Aksum accepted Christianity in the 4th Century AD – 330 years after the birth of Christ, to be exact. This makes the Aksumite kingdom among the first few states in the world that adopted Christianity early on. Ever since, Aksum has remained the Christian capital of Ethiopia.
The Ethiopian Orthodox Church (EOC) is one of the oldest Christian institutions in the world. Throughout its history, the EOC has been not only a source of spiritual guidance but also a symbol of national unity. In times of peace and war, it served as an effective force of public mobilization. No other institution – political or social – in Ethiopia has established homestead-level connection with the people. Even today the church is closer – physically or mentally – to the people than courts, police stations, schools or clinics. It can also be argued that the strengths and dysfunctions of the EOC have been factors in the rise and fall of the Aksumite kingdom.
The Nine Saints
Although Christianity as a state religion was introduced in the 4th century, its expansion is attributed to the Nine Saints of the 6th century.

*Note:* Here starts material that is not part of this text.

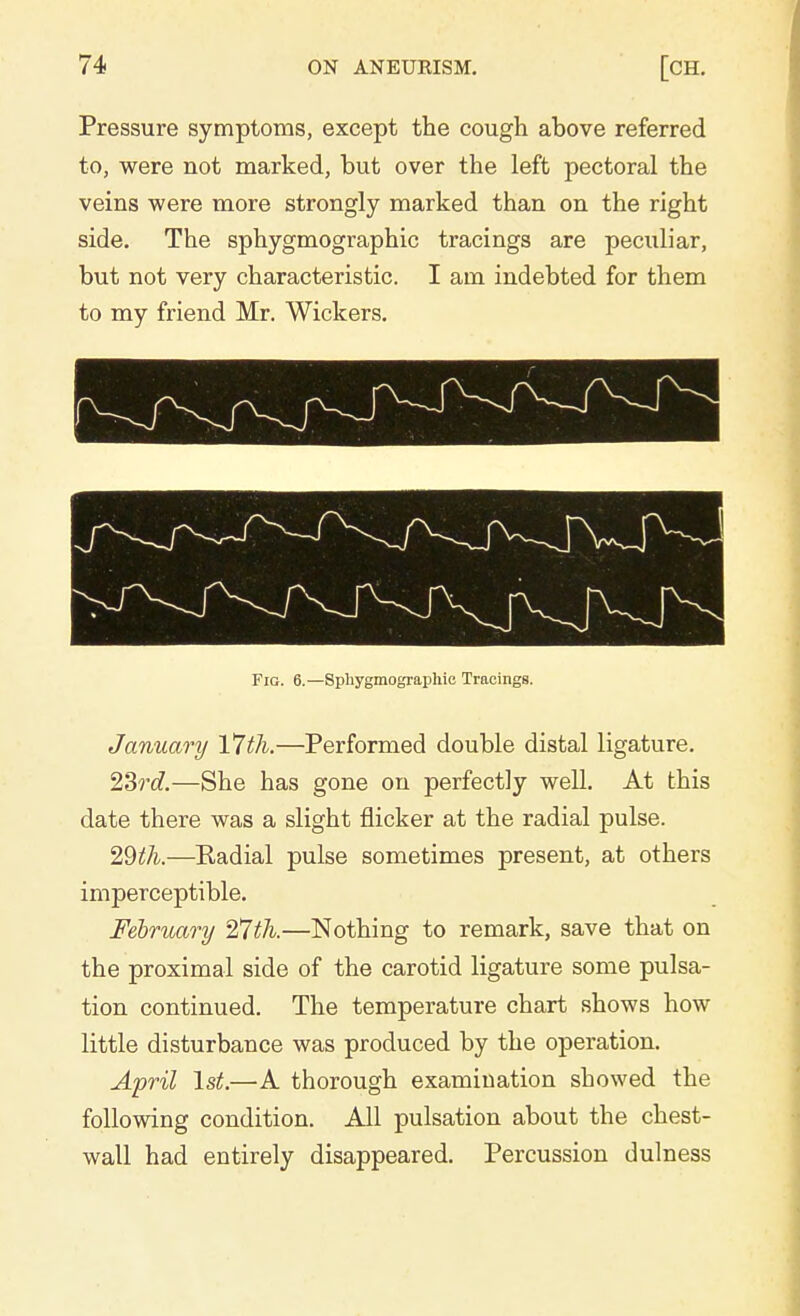 Pressure symptoms, except the cough above referred to, were not marked, but over the left pectoral the veins were more strongly marked than on the right side. The sphygmographic tracings are peculiar, but not very characteristic. I am indebted for them to my friend Mr. Wickers. Fig. 6.—Sphygmographic Tracings. January 17th.—Performed double distal ligature. 23rd.—She has gone on perfectly well. At this date there was a slight flicker at the radial pulse. 29th.—Kadial pulse sometimes present, at others imperceptible. February 27th.—Nothing to remark, save that on the proximal side of the carotid ligature some pulsa- tion continued. The temperature chart shows how little disturbance was produced by the operation. April 1st.—-A thorough examination showed the following condition. All pulsation about the chest- wall had entirely disappeared. Percussion dulness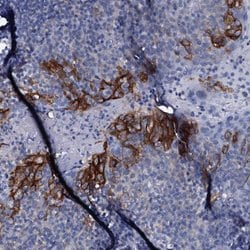 Invitrogen SLC4A7 Polyclonal Antibody 100 &mu;L; Unconjugated:Antibodies,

The effort is, thus, sometimes referred to as the “Second Evangelization” of Abyssinia. Despite being of Middle Eastern origin, the Saints are known by their Ethiopian Christian names: Abune Aftse, Abune Alef, Abune Aregawi, Abune Gerima, Abune Guba, Abune Likanos, Abune Penteleon, Abune Tsahma, and Abune Yemaeta. Establishing their respective monasteries across Tigrai, a northern Ethiopian province to which Aksum belongs, the Syrian Saints tirelessly taught Gospel. The churches they established have become not only centers of religious scholarship and artistic excellence but also repositories of magnificent royal treasures and ecclesiastical manuscripts.